17 Mayıs 2010 Pazartesi

ön yargılar

yalnızlığı umursamıyorum. belki sevdiğimden, belkide alışık olduğumdan. garipsiyorlar. neden? bir insan yalnız kalamaz mı? illaki sevdiğim biri olmak zorunda mı, yada beni seven birisi? hayır...

hem yalnızda sayılmam. dostlarım var, arkadaşlarım var... kendimi kandırıyor olabilirim de. ama bazı şeylere karşı inancını yitirmiş biri olarak gayette mutluyum. başkalarının mutluluklarıyla gülümseyebiliyorum hiç olmazsa... belki bir gün diyorum... ama bağırarak değil. sessizce, içimden...

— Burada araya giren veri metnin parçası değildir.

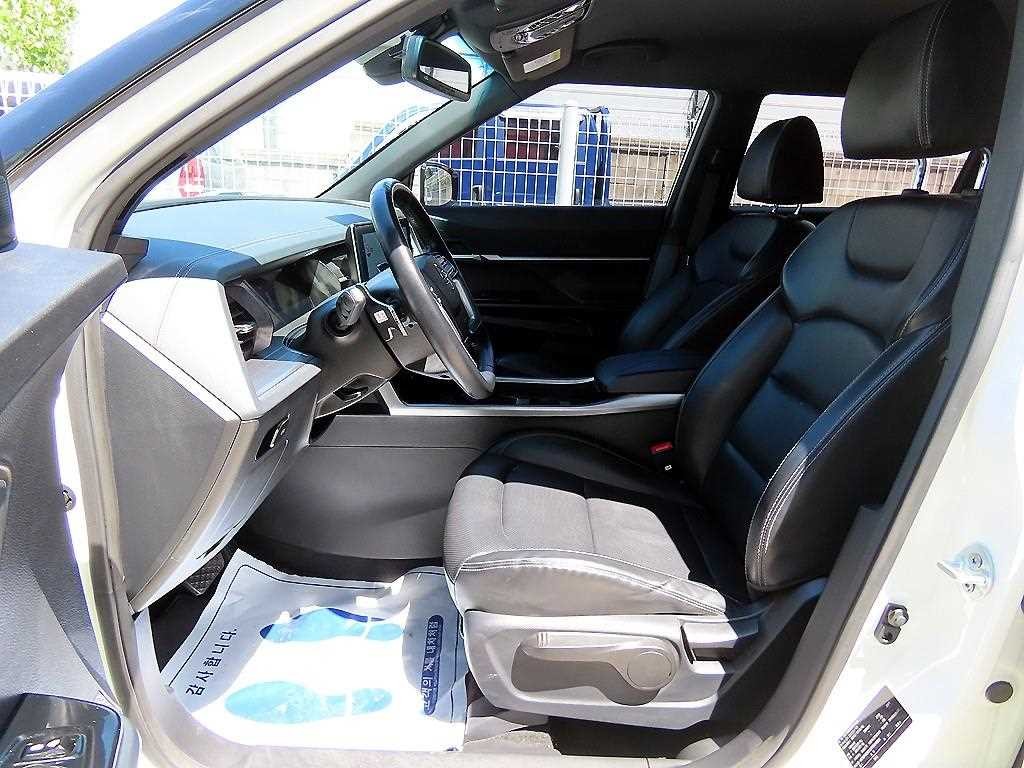 KG모빌리티(쌍용) 토레스 1.5 GDI-T 2WD T5 이미지 5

hatam başından sonunu düşünmek belkide. her olaya, nasıl olsa sonunda bu olacak, diyerek yaklaşıyorum. hatta bazen yaklaşmıyorum bile...

herkes sözler verir sona dair. ama tutabilen çok azdır. hatta benim açımdan bakarsak, hiç yoktur.. insanların ön yargılarını kıramadığım için, dışarıdan bakan herkes, nasıl olsa kırılmaz, diyor. ama kırılabiliyorum bende herkes gibi. sonunda hep kendime dönüyorum. ve her kırgınlığımdan sonra peter panım geliyor yanıma. gülüyorum, güldürüyorum... garipsiyorlar diye üzülemiyorum bile artık. oysa, bende ağlayablirim. bende hüzünlenebilirim bir şarkıda. kıramıyorum ön yargıları. yalnız değilim ben. sadece ön yargılarım var, o kadar.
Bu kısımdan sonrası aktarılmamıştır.